My point is simply that the Pearls set up a false dichotomy. They point at the worst behaved children and then blame those children’s behavior on parents’ failure to follow the extremely authoritarian parenting methods they advocate. What gets left out of the picture are children like mine, children who are absolutely not raised anything like the Pearls advocate and are yet intelligent, well behaved, and willing to cooperate.

What is also ignored is that there are other parenting methods out there, parenting methods that actually work a whole lot better than those of the Pearls. It’s not “follow the Pearls” or “let your children run wild.” It’s not “require absolute obedience” or “give your children everything they want.” It’s almost like the Pearls have no idea other parenting methods actually exist.

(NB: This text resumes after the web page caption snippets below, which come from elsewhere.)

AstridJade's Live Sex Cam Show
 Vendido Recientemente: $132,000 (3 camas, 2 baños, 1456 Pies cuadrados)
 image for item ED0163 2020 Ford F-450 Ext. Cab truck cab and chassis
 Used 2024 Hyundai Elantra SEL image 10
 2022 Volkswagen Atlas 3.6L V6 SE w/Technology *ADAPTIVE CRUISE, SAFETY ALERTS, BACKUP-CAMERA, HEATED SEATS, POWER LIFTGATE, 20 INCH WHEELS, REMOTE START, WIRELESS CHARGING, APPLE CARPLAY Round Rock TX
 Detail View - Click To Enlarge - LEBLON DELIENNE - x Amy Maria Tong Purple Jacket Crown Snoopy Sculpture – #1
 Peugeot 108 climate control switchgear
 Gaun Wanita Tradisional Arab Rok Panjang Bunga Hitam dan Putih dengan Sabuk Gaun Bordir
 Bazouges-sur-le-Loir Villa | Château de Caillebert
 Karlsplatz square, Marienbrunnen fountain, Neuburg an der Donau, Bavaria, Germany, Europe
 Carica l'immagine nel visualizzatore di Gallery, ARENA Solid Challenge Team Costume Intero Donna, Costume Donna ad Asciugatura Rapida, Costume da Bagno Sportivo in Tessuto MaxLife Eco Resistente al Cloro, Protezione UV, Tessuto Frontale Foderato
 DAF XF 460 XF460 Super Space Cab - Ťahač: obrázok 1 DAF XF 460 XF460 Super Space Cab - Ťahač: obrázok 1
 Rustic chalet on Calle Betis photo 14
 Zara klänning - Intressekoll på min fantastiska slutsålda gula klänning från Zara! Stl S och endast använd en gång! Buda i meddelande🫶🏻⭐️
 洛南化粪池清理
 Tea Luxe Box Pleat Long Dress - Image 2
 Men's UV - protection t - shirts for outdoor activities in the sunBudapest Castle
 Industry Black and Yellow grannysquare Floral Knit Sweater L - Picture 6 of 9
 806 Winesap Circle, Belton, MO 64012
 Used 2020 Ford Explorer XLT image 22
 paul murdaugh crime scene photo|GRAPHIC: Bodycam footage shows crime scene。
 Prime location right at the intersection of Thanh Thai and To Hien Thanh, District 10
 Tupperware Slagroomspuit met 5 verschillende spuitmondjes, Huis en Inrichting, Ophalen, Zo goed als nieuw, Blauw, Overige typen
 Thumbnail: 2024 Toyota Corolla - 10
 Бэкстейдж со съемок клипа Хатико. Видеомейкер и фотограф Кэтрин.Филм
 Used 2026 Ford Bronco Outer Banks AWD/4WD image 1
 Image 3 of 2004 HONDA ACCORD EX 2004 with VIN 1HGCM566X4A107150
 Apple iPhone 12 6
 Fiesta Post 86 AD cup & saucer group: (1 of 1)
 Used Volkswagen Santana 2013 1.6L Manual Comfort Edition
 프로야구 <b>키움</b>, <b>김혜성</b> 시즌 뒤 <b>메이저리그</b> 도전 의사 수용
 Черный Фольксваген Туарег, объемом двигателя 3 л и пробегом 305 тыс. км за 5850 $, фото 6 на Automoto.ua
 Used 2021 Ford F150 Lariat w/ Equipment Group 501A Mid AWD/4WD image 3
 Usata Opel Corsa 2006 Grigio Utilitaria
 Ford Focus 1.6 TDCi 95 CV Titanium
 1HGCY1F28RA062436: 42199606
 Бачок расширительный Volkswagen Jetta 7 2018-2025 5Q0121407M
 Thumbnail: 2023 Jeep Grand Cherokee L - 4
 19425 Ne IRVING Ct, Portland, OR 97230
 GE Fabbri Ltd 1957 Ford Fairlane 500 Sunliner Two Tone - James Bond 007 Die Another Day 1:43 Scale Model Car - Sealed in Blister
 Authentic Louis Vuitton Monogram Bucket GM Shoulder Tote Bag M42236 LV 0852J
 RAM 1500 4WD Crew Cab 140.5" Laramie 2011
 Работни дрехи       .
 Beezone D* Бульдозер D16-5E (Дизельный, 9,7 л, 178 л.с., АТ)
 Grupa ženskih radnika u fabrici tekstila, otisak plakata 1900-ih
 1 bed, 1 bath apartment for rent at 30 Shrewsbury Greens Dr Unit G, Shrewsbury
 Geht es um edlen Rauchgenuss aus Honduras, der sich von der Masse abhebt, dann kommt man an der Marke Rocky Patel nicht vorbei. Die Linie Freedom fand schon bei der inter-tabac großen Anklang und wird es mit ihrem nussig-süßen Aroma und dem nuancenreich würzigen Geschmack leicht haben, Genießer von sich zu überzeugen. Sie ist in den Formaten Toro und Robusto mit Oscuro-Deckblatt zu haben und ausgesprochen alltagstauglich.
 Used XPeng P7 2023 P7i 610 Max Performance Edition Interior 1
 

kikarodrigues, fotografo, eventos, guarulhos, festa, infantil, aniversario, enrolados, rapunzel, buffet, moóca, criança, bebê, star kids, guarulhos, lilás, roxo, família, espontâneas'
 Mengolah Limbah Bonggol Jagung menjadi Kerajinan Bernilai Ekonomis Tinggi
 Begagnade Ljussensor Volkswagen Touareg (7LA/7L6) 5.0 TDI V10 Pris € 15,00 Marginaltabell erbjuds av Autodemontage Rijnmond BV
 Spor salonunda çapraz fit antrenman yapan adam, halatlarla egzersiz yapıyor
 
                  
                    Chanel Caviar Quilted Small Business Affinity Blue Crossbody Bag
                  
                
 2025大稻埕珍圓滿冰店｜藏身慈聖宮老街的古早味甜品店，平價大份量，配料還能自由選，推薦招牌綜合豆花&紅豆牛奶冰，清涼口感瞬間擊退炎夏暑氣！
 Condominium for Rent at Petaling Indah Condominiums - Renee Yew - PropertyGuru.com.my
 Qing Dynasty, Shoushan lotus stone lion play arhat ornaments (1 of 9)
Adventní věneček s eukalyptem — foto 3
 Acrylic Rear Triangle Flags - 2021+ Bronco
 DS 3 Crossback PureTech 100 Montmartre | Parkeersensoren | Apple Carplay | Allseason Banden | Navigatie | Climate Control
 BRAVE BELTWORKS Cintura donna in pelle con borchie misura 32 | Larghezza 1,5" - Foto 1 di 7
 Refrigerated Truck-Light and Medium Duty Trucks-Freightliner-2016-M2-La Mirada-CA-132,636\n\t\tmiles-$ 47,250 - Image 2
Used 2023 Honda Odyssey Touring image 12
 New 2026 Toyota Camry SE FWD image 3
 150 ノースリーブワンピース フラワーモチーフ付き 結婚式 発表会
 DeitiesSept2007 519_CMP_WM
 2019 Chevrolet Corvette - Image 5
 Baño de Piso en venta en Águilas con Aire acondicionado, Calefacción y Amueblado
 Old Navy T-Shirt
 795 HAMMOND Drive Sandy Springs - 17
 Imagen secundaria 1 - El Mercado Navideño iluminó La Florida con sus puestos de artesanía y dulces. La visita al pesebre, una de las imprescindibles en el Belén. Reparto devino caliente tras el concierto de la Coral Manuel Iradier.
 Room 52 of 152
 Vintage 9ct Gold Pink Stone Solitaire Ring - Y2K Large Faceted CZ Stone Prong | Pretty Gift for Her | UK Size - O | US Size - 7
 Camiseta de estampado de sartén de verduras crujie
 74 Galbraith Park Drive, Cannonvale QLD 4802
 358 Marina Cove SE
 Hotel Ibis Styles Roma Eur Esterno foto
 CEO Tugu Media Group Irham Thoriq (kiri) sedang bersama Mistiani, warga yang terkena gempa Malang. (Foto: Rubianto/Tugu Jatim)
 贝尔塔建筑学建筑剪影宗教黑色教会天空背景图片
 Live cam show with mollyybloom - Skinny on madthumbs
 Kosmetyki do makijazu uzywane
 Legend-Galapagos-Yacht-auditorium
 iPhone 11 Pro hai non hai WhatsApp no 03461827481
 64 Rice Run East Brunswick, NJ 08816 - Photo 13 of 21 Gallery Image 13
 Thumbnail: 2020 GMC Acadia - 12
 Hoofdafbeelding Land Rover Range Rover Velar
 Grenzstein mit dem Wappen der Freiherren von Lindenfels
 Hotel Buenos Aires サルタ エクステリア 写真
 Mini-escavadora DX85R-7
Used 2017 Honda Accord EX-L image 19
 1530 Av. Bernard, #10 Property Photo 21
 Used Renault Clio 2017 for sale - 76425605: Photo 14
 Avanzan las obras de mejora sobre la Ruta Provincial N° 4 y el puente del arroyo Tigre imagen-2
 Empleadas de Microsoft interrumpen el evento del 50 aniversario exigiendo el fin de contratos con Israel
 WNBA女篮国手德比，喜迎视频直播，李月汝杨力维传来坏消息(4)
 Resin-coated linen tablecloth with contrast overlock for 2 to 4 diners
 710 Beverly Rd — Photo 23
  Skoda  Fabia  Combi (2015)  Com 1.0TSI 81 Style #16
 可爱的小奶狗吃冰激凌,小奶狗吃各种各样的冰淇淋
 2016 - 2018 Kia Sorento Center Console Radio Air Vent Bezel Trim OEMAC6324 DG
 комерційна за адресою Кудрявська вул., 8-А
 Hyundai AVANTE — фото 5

Reducing all children and families into two categories – well behaved children whose parents have used the Pearls’ discipline methods, and hateful, out of control children whose parents have not used the Pearls discipline methods – is simplistic and quite simply wrong and misleading. But unfortunately, it works quite well as a scare tactic to rope susceptible parents into following the Pearls’ methods.

Note: As readers have pointed out, there is also the fact that perfect behavior is not the goal and that every child will behave poorly when tired or otherwise stressed. I didn’t discuss these things in this post because I’ve discussed them before and they’re not the point of the post.

However, given that this is the first that some of you have read of what I’ve written on parenting, I’m going to spend the next few days re-posting some of what I have written on parenting, discipline, and the methods promoted by Michael Pearl. For those of you who have long followed my blog, you might find re-reading these posts interesting.